Your job is to return the whole listing unchanged while skipping its images.

■ **Information provided**
_ _ _ _ _

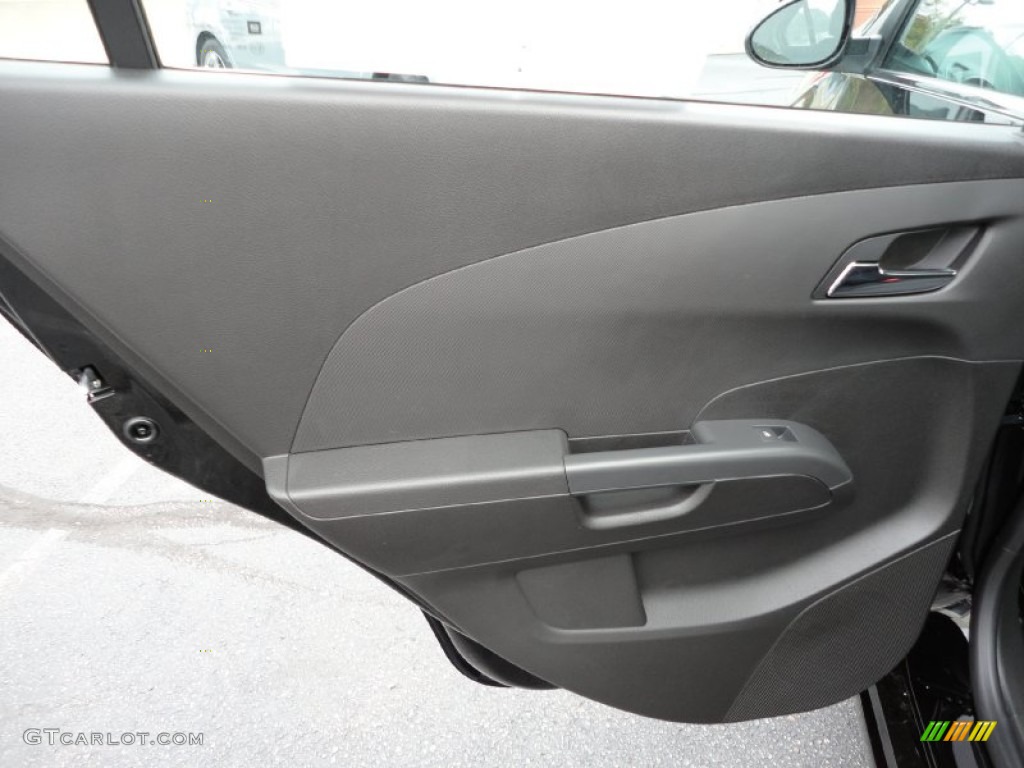 2012 Chevrolet Sonic LT Sedan Jet Black/Dark Titanium Door Panel Photo #55235260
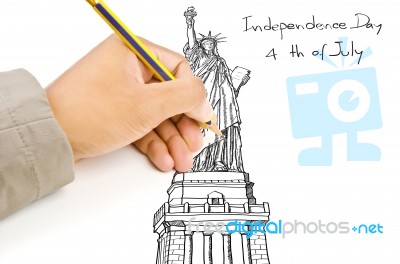 Hand Drawing Statue Of Liberty Stock Photo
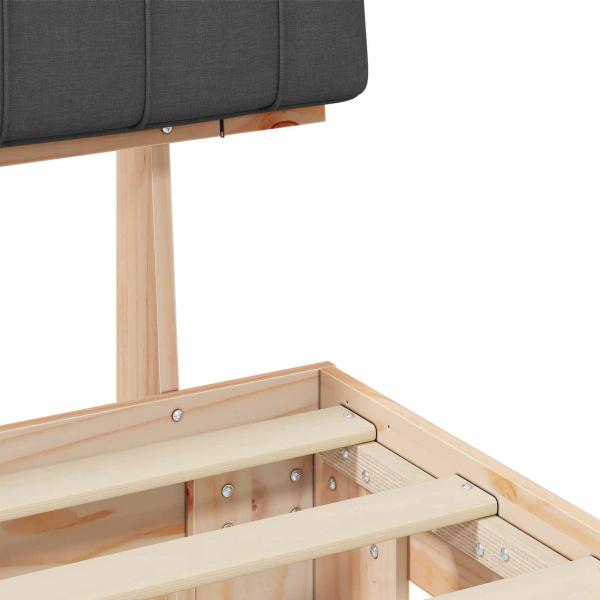 Bettgestell mit gepolstertem Kopfteil Dunkelgrau 200 x 200 cm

_ _ _ _ _

■ **Task solution**
 2012 Chevrolet Sonic LT Sedan Jet Black/Dark Titanium Door Panel Photo #55235260
 Hand Drawing Statue Of Liberty Stock Photo
 Bettgestell mit gepolstertem Kopfteil Dunkelgrau 200 x 200 cm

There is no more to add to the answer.